To pull off supply chain management right, you need suppliers and manufacturers to be as efficient as possible. All the activities need to be streamlined so that costs are kept down, there aren’t any shortages, and the business can stay competitive. Streamlining a business's supply-side activities makes it possible for the business to maximize the value that they provide to their customers by delivering products faster and without shortages.
Effective supply chain management can also help your business minimize risk, reducing the need for expensive recalls and the possibility of having to deal with lawsuits.
Supply chain management is essentially an effort by suppliers to create and implement the most efficient, effective, and economical supply chains possible. The supply chain as a whole includes everything from production to product development to the information systems that are required to direct these undertakings. SCM aims to centrally control or link the production, shipment, and distribution of the goods. It involves tightly controlling the internal inventories, internal production, distribution, sales, as well as the inventories of company vendors.
What are the 5 basic steps of supply chain management?
The 5 basic steps or components of supply chain management are:
This is critical to manage inventory and manufacturing processes. Organizations always attempt to match the supply with the aggregate demand by looking at data and creating an action plan. It is also important for them to keep an eye on demand variations across the value chain so as to not have to deal with the bullwhip effect.
This involves identifying vendors who can procure goods and services to meet the planned or actual demand in the most economical and efficient way. Ther eare specific standards that the supplier needs to meet so that the purchasing company can be assured that they are receiving quality goods from the vendor. If there are perishable products being sourced, it is necessary to have a minimum supplier’s lead time which will support a minimal inventory approach. But with the non-perishable products, the supplier’s lead time should be less than the number of days by which inventory would reach zero.
This involves performing all the activities that are required to transform the raw materials in the finished product. Tasks like assembling, testing, and packing are carried out at this stage of supply chain management.
This involves using various means of transportation like road, rail, and air to get the products to reach customers at the right time, according to their demand. This step of supply chain management has a major impact on the firm’s brand image.
This post-delivery support process involves taking care of products that are being returned. This is also known as Reverse Logistics. Doing this right helps improve the company’s relationship with their customers. It makes them come off as a company that cares about its customers and not like one that is just trying to make money off them.
What are the 6 types of supply chain management?
The Continuous Flow Model
This supply chain model is built for efficiency. It’s all about providing stability in high-volume environments. It’s a classic supply chain model and is most appropriate for manufacturers who produce the same product on a repetitive basis, without any substantial design changes or alterations.

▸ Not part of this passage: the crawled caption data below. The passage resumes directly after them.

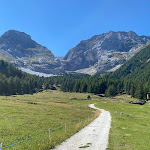 Photo n°11 de l'avis de Steffen.i fait le 29/08/2022 à 18:45 sur le  Göflaner Alm à Schlanders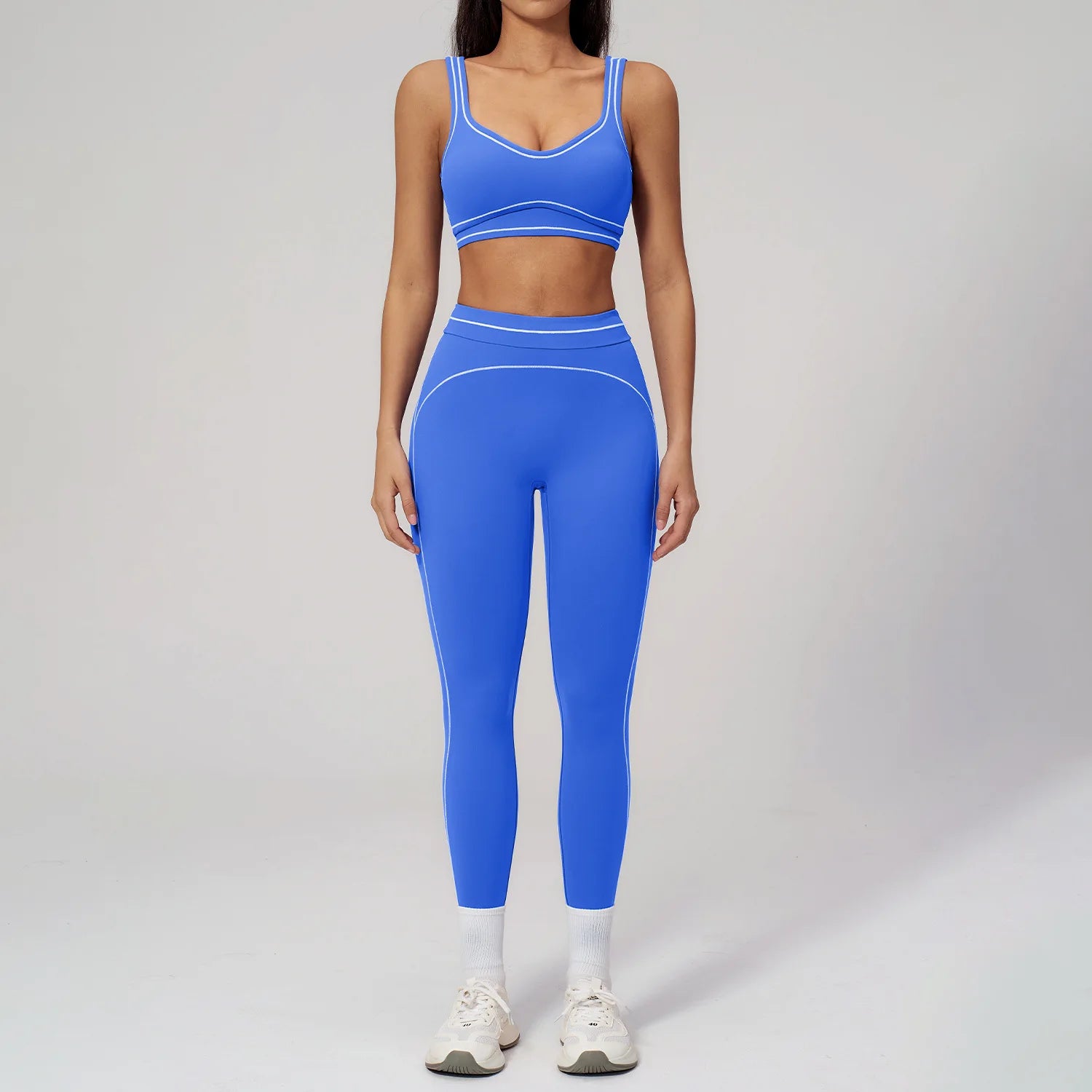 NLW 2-Piece Seamless Activewear Set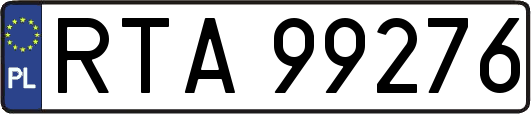 RTA99276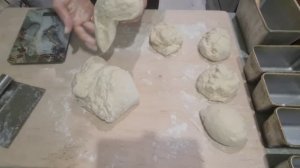 Рождение Хлеба на рассвете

The continuous flow model is great for commodity manufacturing. The high level of efficiency that it provides allows for lower prices on the final product.
The Fast Chain Model
This supply chain model is all about responsiveness. It’s a great fit for manufacturers who change their product line on a frequent basis. It’s best for manufacturing trendy products that see great demand at one point and then just lose their demand soon.
To put it simply, the fast chain model is meant for manufacturers who want to flood the market before a trend cycle ends. It’s all about gaining the first mover advantage.
The Efficient Chain Model
This model is meant for hypercompetitive industries in which end-to-end efficiency is of critical importance. It lays great emphasis on production forecasting to properly burden and sweat machinery assets.
It also focuses quite a bit on commodity and raw material prices.
The Agile Model
The agile supply chain model is a good fit for manufacturers that deal in specialty items. It’s fine tuned for particularly small product batches where less automation and more expertise is required. The additional valued added by using this supply chain model makes it possible for the businesses using it to charge higher prices.
Businesses using the agile model can increase their production volumes. But past a certain threshold, they just can’t match the level of efficiency that comes with using the efficient chain model.
The Custom-Configured Model
The custom-configured or custom-configuration model concentrates on providing custom setups during production and assembly. Generally, this setup time occurs at the start of a longer production and assembly run process. It is a higher-touch model that could bring shorter turnaround times and smaller product batches. You could consider it to be a combination of the agile and continuous flow models.
The Flexible Model
This approach tries to be an ‘all-weather’ approach of sorts. It can scale up for high demand volumes during a peak season, and even cut down when there are stretches of low-to-no demand. To use this model, businesses need the right tools as well as a broad supplier network or a team with a particularly a broad knowledge base.